On Sun, Mar 31, 2019 at 8:43 AM Lawrence Crowell <
goldenfieldquaterni...@gmail.com> wrote:


> > An antenna or any receiver of electromagnetic waves in effect measures
> the displacement of electrons or equivalently a current is produced.
>

A radio receiver detects the power in a AC circuit, and that is the Root
Mean Square voltage times the Root Mean Square current. Unlike LIGO radios
don't detect peak to peak values.

> A gravitational wave is measured according to strain, but a strain
> through distance has an energy content as well.
>

Yes but LIGO detects the peak to peak displacement of a wave not its power
or energy as cameras and radios do. And that means LIGO's ability to detect
wave producing things is reduced with distance much more slowly than with
telescopes that deal with electromagnetic waves. Peak-to peak displacement
is proportional to the Root Mean Square of the wave and the RMS is
proportional to the square root of the power.
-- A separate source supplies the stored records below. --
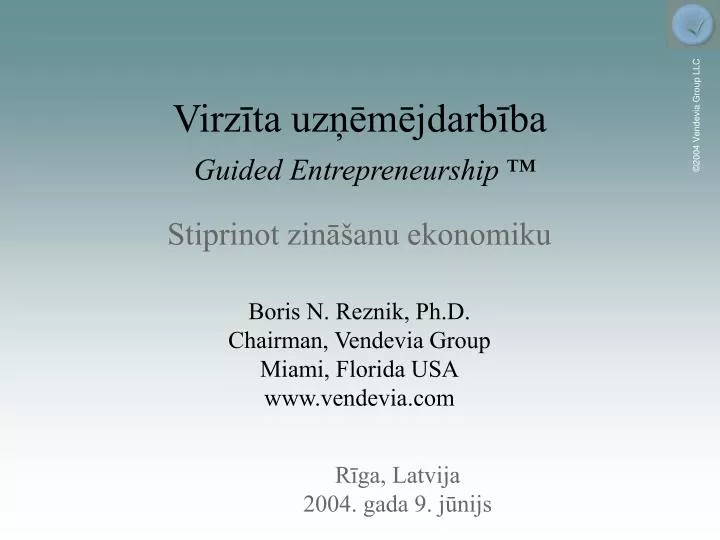 virz ta uz m jdarb ba guided entrepreneurship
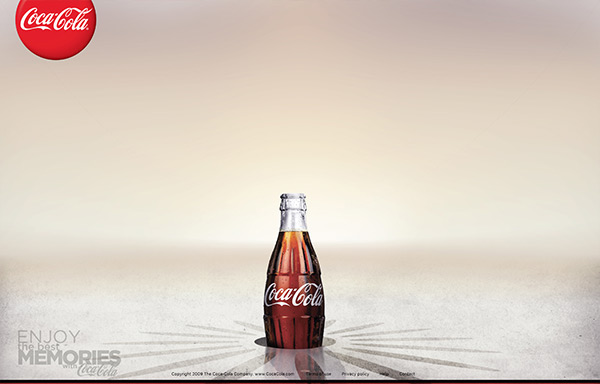 125 Years cocacola enjoy best memories bubbles Coca-Cola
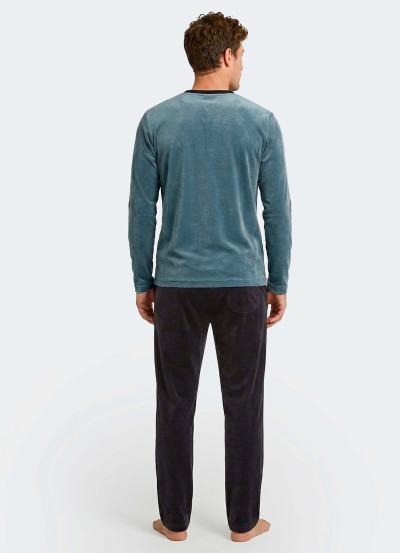 Pyjama en coton velours 2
So if there is 4 times less
power in the gravitational wave (because the source is twice as far away)
the peak to peak displacement is only reduced by a factor of 2.

> So gravitational waves have intensities that drops with the square of the
> distance


I'm not disputing that, but that fact is not inconsistent with the fact
that LIGO's ability to detect gravitational wave sources only decreases
linearly with distance because with LIGO the key thing is peak to peak
displacement of the wave not its intensity.